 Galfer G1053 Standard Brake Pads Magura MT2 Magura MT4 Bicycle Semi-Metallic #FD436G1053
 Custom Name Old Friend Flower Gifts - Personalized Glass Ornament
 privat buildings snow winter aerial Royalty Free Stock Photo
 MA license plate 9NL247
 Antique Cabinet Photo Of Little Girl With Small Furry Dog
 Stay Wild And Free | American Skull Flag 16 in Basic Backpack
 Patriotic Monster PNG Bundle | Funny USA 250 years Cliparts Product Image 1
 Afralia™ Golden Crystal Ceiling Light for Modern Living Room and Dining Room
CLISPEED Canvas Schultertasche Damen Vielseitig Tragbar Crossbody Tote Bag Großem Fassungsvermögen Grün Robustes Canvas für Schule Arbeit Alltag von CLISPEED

* * *

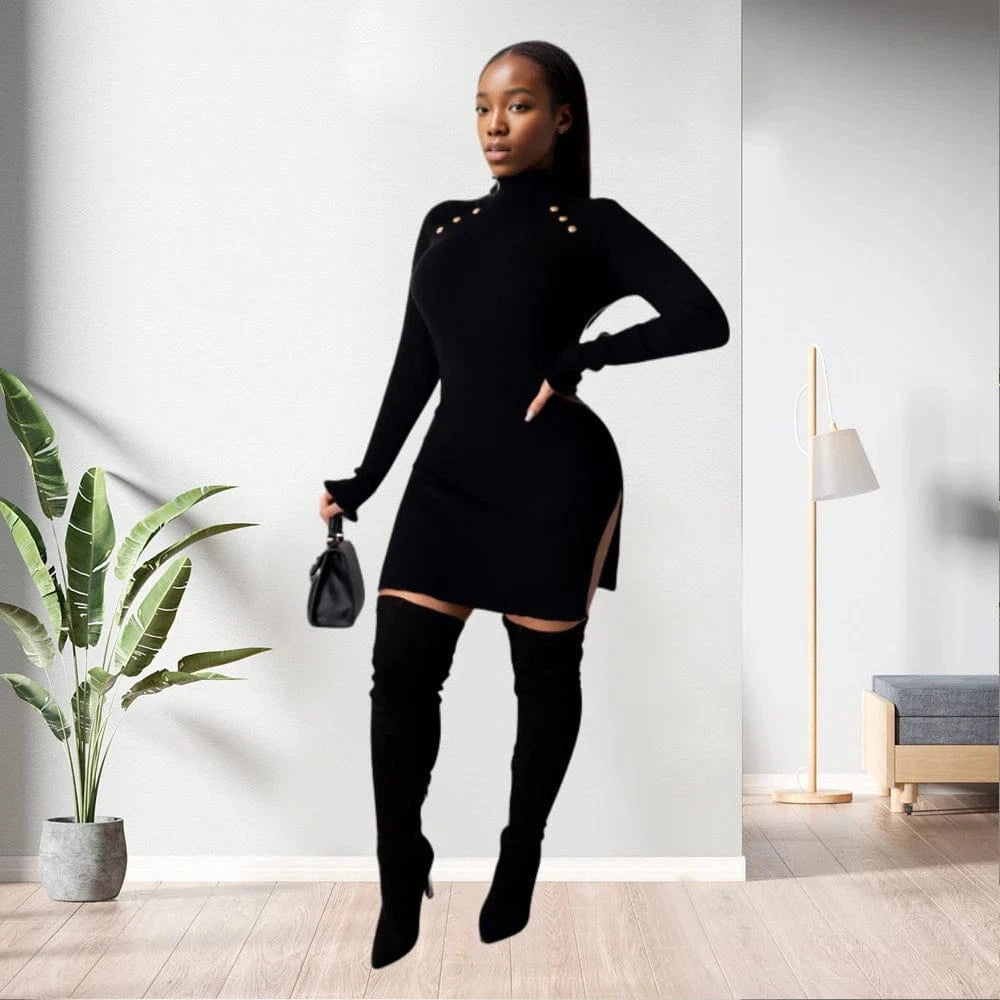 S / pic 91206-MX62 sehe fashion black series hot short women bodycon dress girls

• INSTRUCTIONS FOR THE TASK:
Of all the entries above, retype exactly the lines from the line with "Afralia™ Golden Crystal" to the line with "CLISPEED Canvas Schultertasche", both included, and no others.

• SOLUTION TO THIS EXERCISE:
 Afralia™ Golden Crystal Ceiling Light for Modern Living Room and Dining Room
CLISPEED Canvas Schultertasche Damen Vielseitig Tragbar Crossbody Tote Bag Großem Fassungsvermögen Grün Robustes Canvas für Schule Arbeit Alltag von CLISPEED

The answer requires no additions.